Find the coordinates of a point on x + y + 3 = 0, whose distance from x + 2y + 2 = 0 is `sqrt(5)` .

To find the coordinates of a point on the line \( x + y + 3 = 0 \) whose distance from the line \( x + 2y + 2 = 0 \) is \( \sqrt{5} \), we can follow these steps: ### Step 1: Define the point on the first line Let the required point be \( (a, b) \).
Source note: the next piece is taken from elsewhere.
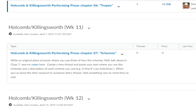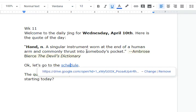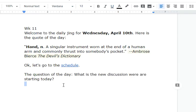Let's go back to the notes. The discussion we are starting today is on Chapter 7 schemes in H&K.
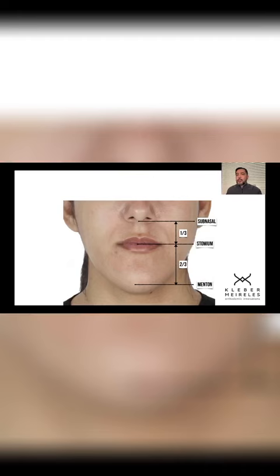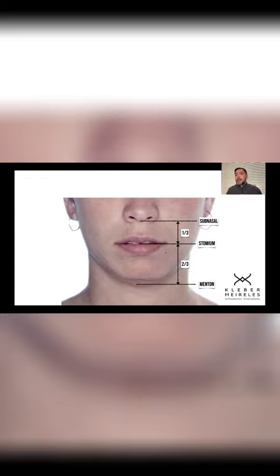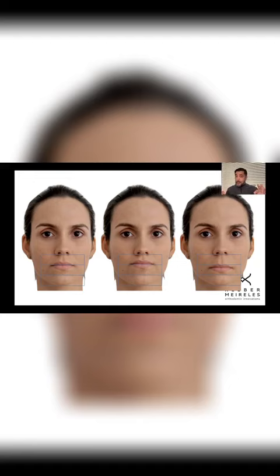We are going to read this this way — using the right protocol for that, we can understand what to do. Now I'd like to have your opinion: which one of these three pictures here do you prefer?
Since this point lies on the line \( x + y + 3 = 0 \), we can express this relationship as: \[ a + b + 3 = 0 \quad \text{(Equation 1)} \] From this, we can derive: \[ a + b = -3 \quad \text{(1)} \] ### Step 2: Use the distance formula from a point to a line The distance \( d \) from a point \( (x_0, y_0) \) to a line \( Ax + By + C = 0 \) is given by the formula: \[ d = \frac{|Ax_0 + By_0 + C|}{\sqrt{A^2 + B^2}} \] For the line \( x + 2y + 2 = 0 \), we have \( A = 1 \), \( B = 2 \), and \( C = 2 \). The distance from the point \( (a, b) \) to this line is given to be \( \sqrt{5} \): \[ \frac{|1 \cdot a + 2 \cdot b + 2|}{\sqrt{1^2 + 2^2}} = \sqrt{5} \] This simplifies to: \[ \frac{|a + 2b + 2|}{\sqrt{5}} = \sqrt{5} \] ### Step 3: Simplify the distance equation Multiplying both sides by \( \sqrt{5} \) gives: \[ |a + 2b + 2| = 5 \] This leads to two cases: 1. \( a + 2b + 2 = 5 \) 2. \( a + 2b + 2 = -5 \) ### Step 4: Solve the first case **Case 1:** \[ a + 2b + 2 = 5 \] Subtracting 2 from both sides: \[ a + 2b = 3 \quad \text{(Equation 2)} \] Now we have two equations: 1. \( a + b = -3 \) (from Equation 1) 2. \( a + 2b = 3 \) (from Equation 2) We can solve these equations simultaneously. Subtract Equation 1 from Equation 2: \[ (a + 2b) - (a + b) = 3 - (-3) \] This simplifies to: \[ b = 6 \] Substituting \( b = 6 \) back into Equation 1: \[ a + 6 = -3 \implies a = -9 \] Thus, one point is \( (-9, 6) \). ### Step 5: Solve the second case **Case 2:** \[ a + 2b + 2 = -5 \] Subtracting 2 from both sides: \[ a + 2b = -7 \quad \text{(Equation 3)} \] Now we have: 1. \( a + b = -3 \) (from Equation 1) 2. \( a + 2b = -7 \) (from Equation 3) Subtract Equation 1 from Equation 3: \[ (a + 2b) - (a + b) = -7 - (-3) \] This simplifies to: \[ b = -4 \] Substituting \( b = -4 \) back into Equation 1: \[ a - 4 = -3 \implies a = 1 \] Thus, the second point is \( (1, -4) \). ### Final Answer The required points are: \[ (-9, 6) \quad \text{and} \quad (1, -4) \]